C6474 Poor DDR Copy Performance

Estian Malan

Hi.

RandyP: If you are out there, I desperately need your help with this one. Anyone else also welcome to assist... :

I am trying to copy a frame of (32 x 16384) unsigned 16-bit values from one location in external DDR to another using the 64x+ core of the C6474 DSP. However, naturally I am getting poor copying speed performance due to a lot of cache misses involved during access to L3 RAM. I have compared the results with that of the EDMA3, and currently the EDMA3 is performing 20 TIMES faster!! However, I am running into source and destination BIDX overflow issues with the EDMA3 when the size of the matrix is increased any further.

Default L1D cache size for the C6474 is 32kB. I have tried to disable the cache before the copy by setting the L1D cache size to 0 using the CSL CACHE_setL1dSize(CACHE_L1_0KCACHE), and restoring it afterwards back to 32k. I was hoping this would force the core to read-write directly to the DDR, bypassing the cache and alleviating the penalties of cache misses, and consequently performing faster.

However, I am always getting the same copying speed performance, regardless of the cache size setting, and pretty poor compared to the EDMA3.

I have 2x questions that I would like to get answers for:

Am I following the right approach in trying to avoid cache misses, or is there some other way to achieve this?
Will the EDMA3 ALWAYS have better performance to the core in this regard, and why?

Thank you for the help!

Estian.

over 14 years ago

0 RandyP over 14 years ago

TI__Guru* 84110 points

Estian,

It is very surprising that you get the same copying speed performance with cache on or off. It should be much slower with cache off.

Estian Malan said:
1. Am I following the right approach in trying to avoid cache misses, or is there some other way to achieve this?

Cache misses are not much slower than non-cache accesses. You can set the MAR bit to 0 for your DDR memory range, and that will disable caching for that range. But using cache should always be best for sequential accesses. If you were doing random accesses with only one word read from each cache line, then cache misses could be a concern and disabling cache might help you. But for this case, this is not the way to go, the EDMA3 is the way to do this.

Estian Malan said:
Will the EDMA3 ALWAYS have better performance to the core in this regard, and why?

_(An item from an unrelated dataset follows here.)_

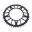 Rear Sprocket Aluminium 46 Tooth Pitch 520 Blackjt Inner Diameter 120 Bolt Spacing 140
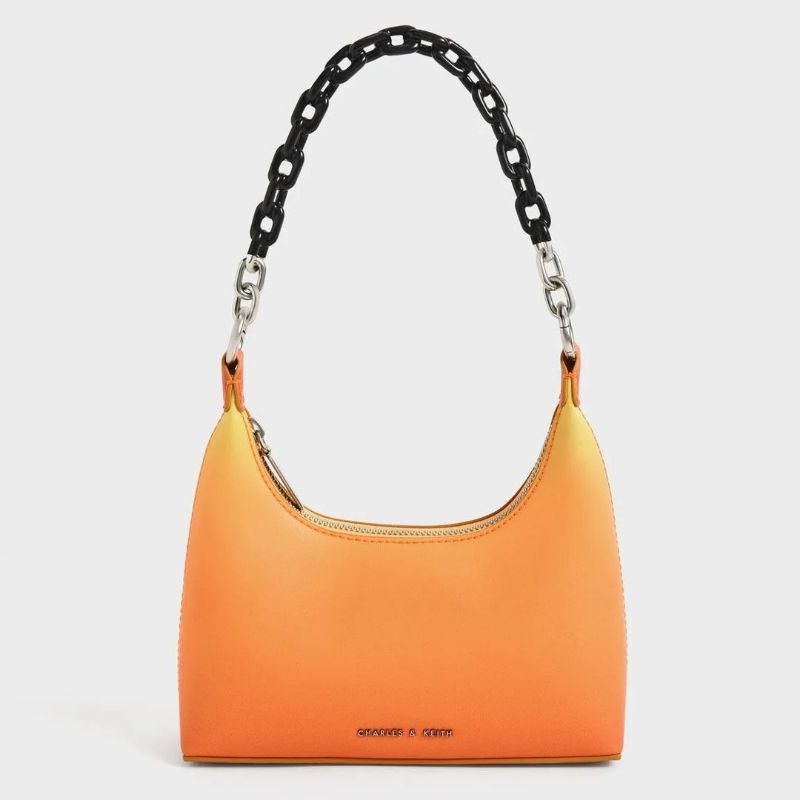 7.7 SALE | CK Koi Chain Handle Shoulder Bag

10 years ago, our rule-of-thumb was that the CPU could copy up to 5 sequential words of data from external memory to internal memory faster than setting up and executing a QDMA to do the same thing. There have been some changes in the QDMA mechanism since then (EDMA2, now EDMA3), but there have also been changes to the pipelines inside the DSP device and also in the DDR architecture (compared to SDRAM). But the number of words where the CPU is faster is still a very low number. It would be interesting to figure out what the right number is for the C6474, but it is definitely less than the data you want to copy.

The C64x+ CPU uses a register-centric RISC architecture. This means all operations are on registers. To copy data from DDR to DDR, the CPU will read the source location into a register in the CPU and then write that register to the destination. This can be slow or medium speed depending on how the code is written and optimized.

The DDR architecture is optimized for bursting operations. A single CPU instruction will read one word, and that has DDR-bus overhead. Any intermingled writes can add to that overhead. The EDMA3 architecture is designed to support bursting, so it is naturally better at DDR bursts.

So, yes, EDMA3 will always be faster for medium to large transfer sizes.

Estian Malan said:
I am running into source and destination BIDX overflow issues with the EDMA3 when the size of the matrix is increased any further.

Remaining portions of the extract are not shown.